Would be good to hear from id Software to know how their games are so scalable and amazing.
TAP is the perfect example why vendors should let their engineers talk to the buyers. The way he makes you understand horribly complex topics is awesome. And it makes you appreciate their products more than any marketing BS.
It really does seem like the companies are allowing engineers in front of our cameras more and more! It's been great for deep dives on technicals we're not familiar with!
@@GamersNexusThe only people capable of making complicated topics seem simple, or easy to understand, are professionals. I love these kinds of videos, keep it up👍
I think part of it is its easier to teach an engineer on how to publicly speak than it is to teach a public speaker engineering.

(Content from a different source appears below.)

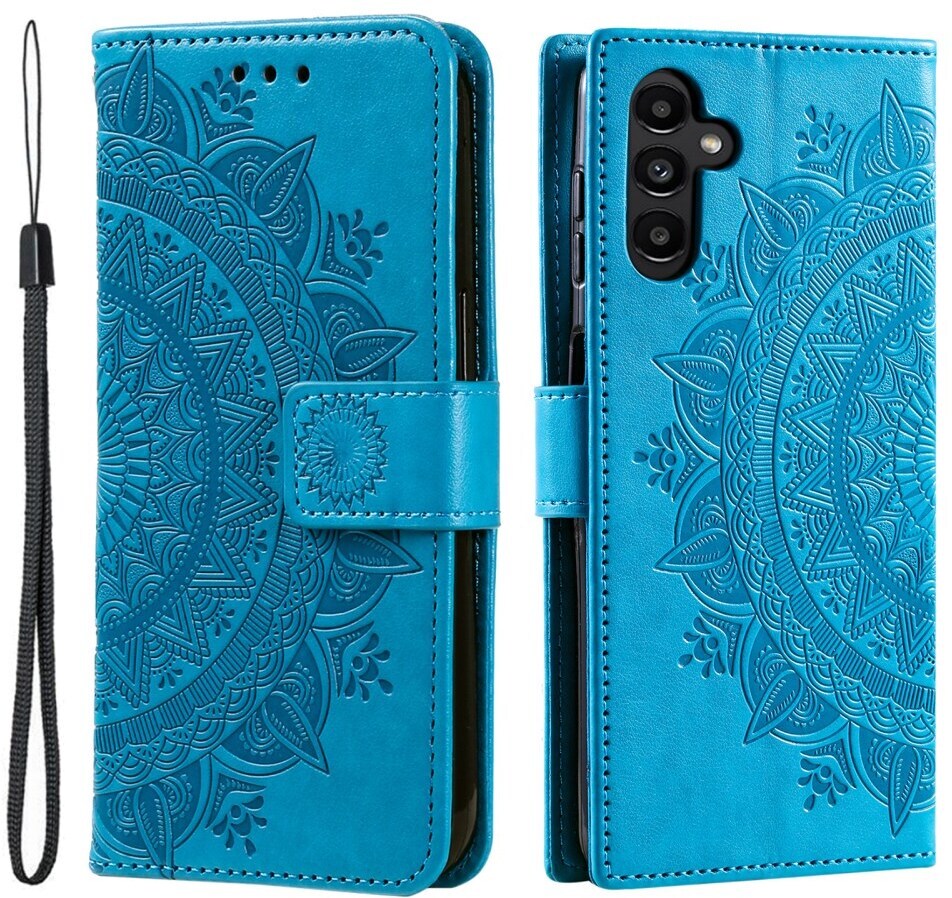 Samsung Galaxy A35 Hoesje Mandala Book Case met Pasjeshouder Blauw afbeelding 1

@@DJFIRESTONE92This be the truth.
This is the right marketing for the technically inclined part of the crowd. Good job Intel for figuring this out
Switching to 144p for increased immersion.
It'll really help relate the topic back!
Make sure you enable 1440 Hz refresh rate as well
make sure you sit on a gaming chair
upto interpretation type shit
It's all "retina" if your eyesight is bad enough 🤔
Please don't give up on those technical interviews. They are what we need.
We may need better affordable sw and hw, but in the meantime we can find interesting actual information being presented to us.
Agreed!
Small correction: YUV 4:4:4 / 4:2:2 / 4:2:0 doesn't describe bits, it describes how many chroma samples are stored. The first '4' says that we are talking about rows of 4 luma samples, the second number describes how many chroma samples are stored in the first of two lines and the second number how many chroma samples are stored in the second line.
That means a 4×2 block of luma samples contains
• 8 pairs of chroma samples in YUV 4:4:4
• 4 pairs of chroma samples in YUV 4:2:2
• 2 pairs of chroma samples in YUV 4:2:0
Another way to think about it is that in YUV 4:4:4, each luma sample has its own pair of chroma samples, in YUV 4:2:2, each 2×1 block of luma samples shares a pair of chroma samples (the chroma planes have full vertical but half horizontal resolution) and in YUV 4:2:0, each 2×2 block of luma samples shares a pair of chroma samples (the chroma planes are half horizontal and half vertical resolution).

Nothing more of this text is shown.